Il s'agissait d'un bouleversement relativement soudain avec un impact conséquent sur l'ordre mondial, c'est-à-dire la fin de la Guerre froide et l'instauration d'une hégémonie américaine sur le monde, qui allait durer deux décennies.
À travers des entretiens avec François Campagnola*, chercheur à l'Institut Prospective et Sécurité en Europe (IPSE) et Ayten Muradova*, ex-citoyenne soviétique et citoyenne azerbaïdjanaise résidant en France, l'Agence Anadolu (AA) a tenté de comprendre l'enchaînement des faits et événements ayant mené à l'effondrement de l'URSS, ainsi que ses conséquences politiques, humaines, socio-économiques, et géopolitiques.
- Des facteurs de la chute de l'URSS : un système à bout de souffle
Selon François Campagnola, interrogé par AA, « deux éléments ont influé directement sur le destin de l'URSS. Tout d'abord, son système économique était à bout de souffle, il produisait de la pénurie pour les populations.

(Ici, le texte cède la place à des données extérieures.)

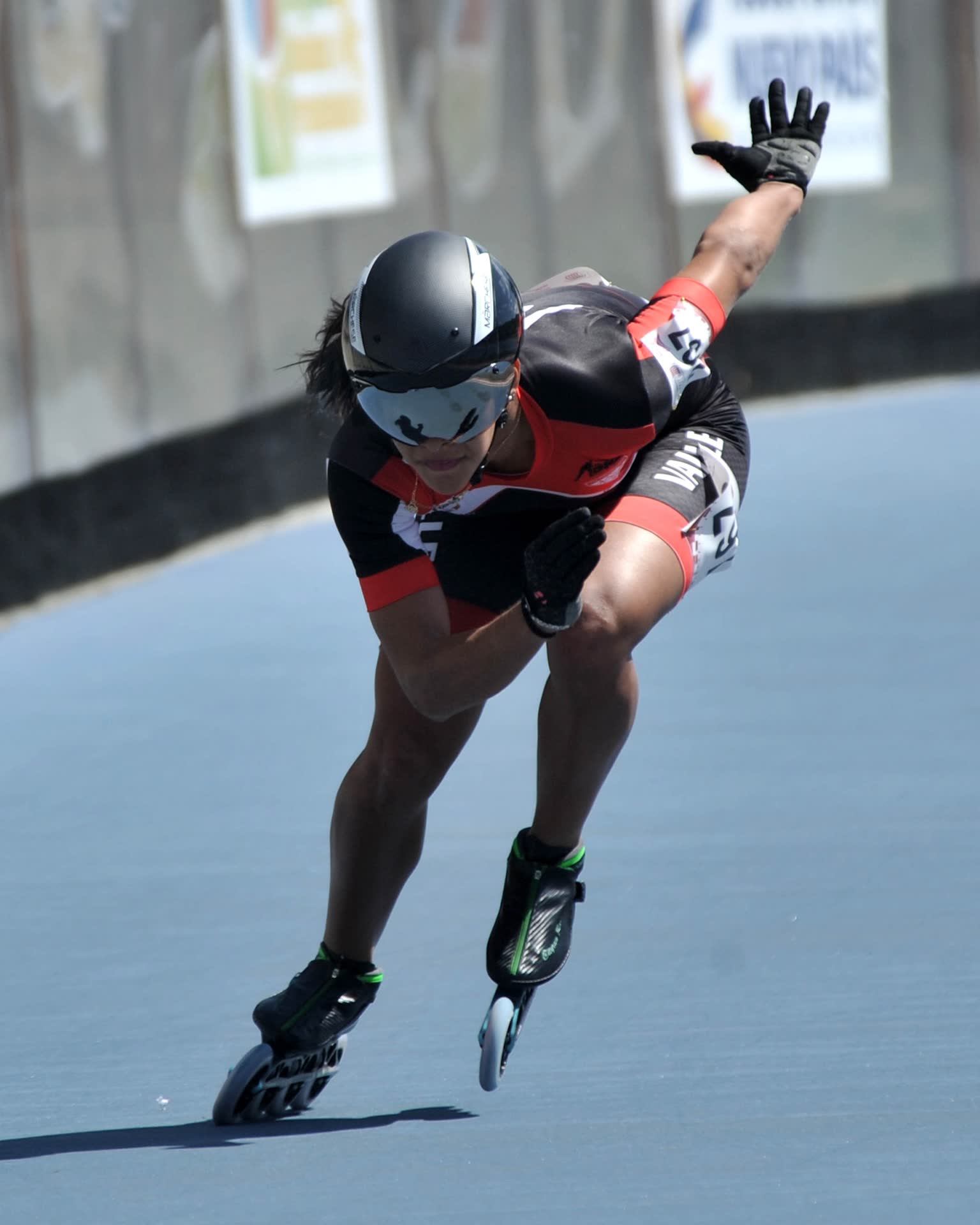 Rider de roller de vitesse en plein effort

Il était centré sur la production de biens de production, mais pas de production de biens de consommation et la population commençait à en avoir assez des pénuries dues à la planification soviétique. Ensuite, l'URSS et les États-Unis menaient depuis longtemps une course de vitesse à l'équipement militaire et cette concurrence effrénée qui incluait la Guerre des étoiles, a plombé les finances soviétiques ».
Un autre facteur doit également être pris en compte, selon le chercheur de l'IPSE, pour comprendre l'aspect économique. « Hier, comme aujourd'hui, l'essentiel des ressources économiques de la Russie consistait des revenus de l'énergie, de production et vente d'hydrocarbures (gaz et pétrole) et à la fin des années 1980, le cours du pétrole était au plus bas ».
« Nous parlons d'un système épuisé, avec une planification qui ne fonctionne pas ; qui a certes permis le développement de l'industrie militaire et de l'industrie de production mais pas de produire les biens de consommation » dont avait besoin sa population.
Selon Campagnola, « dès lors que Mikhaïl Gorbatchev avait lancé la Perestroïka en 1985 [qui signifie littéralement "Reconstruction"] et la Glasnost ["Transparence", 1986], ce projet de réforme de l'Union soviétique était une reconnaissance même de l'échec soviétique ».
Un autre facteur ayant influé sur le destin du mastodonte soviétique repose dans le contexte du dialogue établi avec les présidents américains Ronald Regan et George H. Bush, et pour une brève période avec Bill Clinton.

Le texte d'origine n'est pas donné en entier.